Motivation: On a compact Kähler manifold $Y$, $\partial\bar{\partial}$-lemma tells us that an exact $(p,q)$-form $\omega$ has a primitive $\eta$ with $p$ $dz$'s, namely $\eta\in F^p\mathcal{A}^{p+q-1}_Y$. Here $\eta$ is a primitive of $\omega$ means $d\eta=\omega$. This is because $\omega=\bar{\partial}\partial\sigma$ for some $\sigma$ of type $(p-1,q-1)$, so we can just take $\eta=\partial\sigma$.
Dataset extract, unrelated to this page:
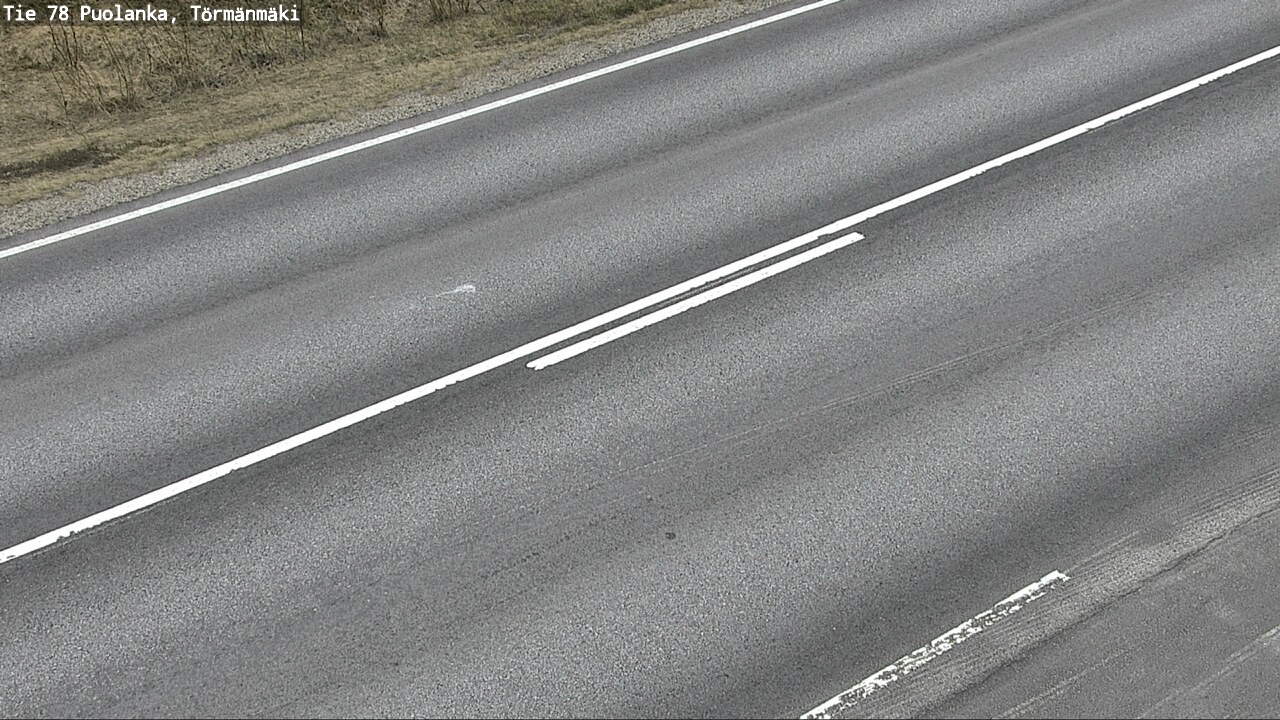 Weather Camera Image Väg 78 Puolango, Törmänmaki, Puolanka, Kainuu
I'm looking for something similar for a non-compact Kähler manifold. However, we don't have $\partial\bar{\partial}$-lemma anymore.
The case I'm interested in is when $X$ is the total space of a smooth family $\pi:X\to \Delta$ of compact Kähler manifolds, where $\Delta$ is a holomorphic disk. Let $\omega$ be an exact smooth form of type $(p,q)$. Let $X_0=\pi^{-1}(0)$. I'd like to know
Question: Is there a smooth form $\eta$ such that $d\eta=\omega$ and $\eta_{\rvert X_0}\in F^p\mathcal{A}_{X_0}^{p+q-1}$?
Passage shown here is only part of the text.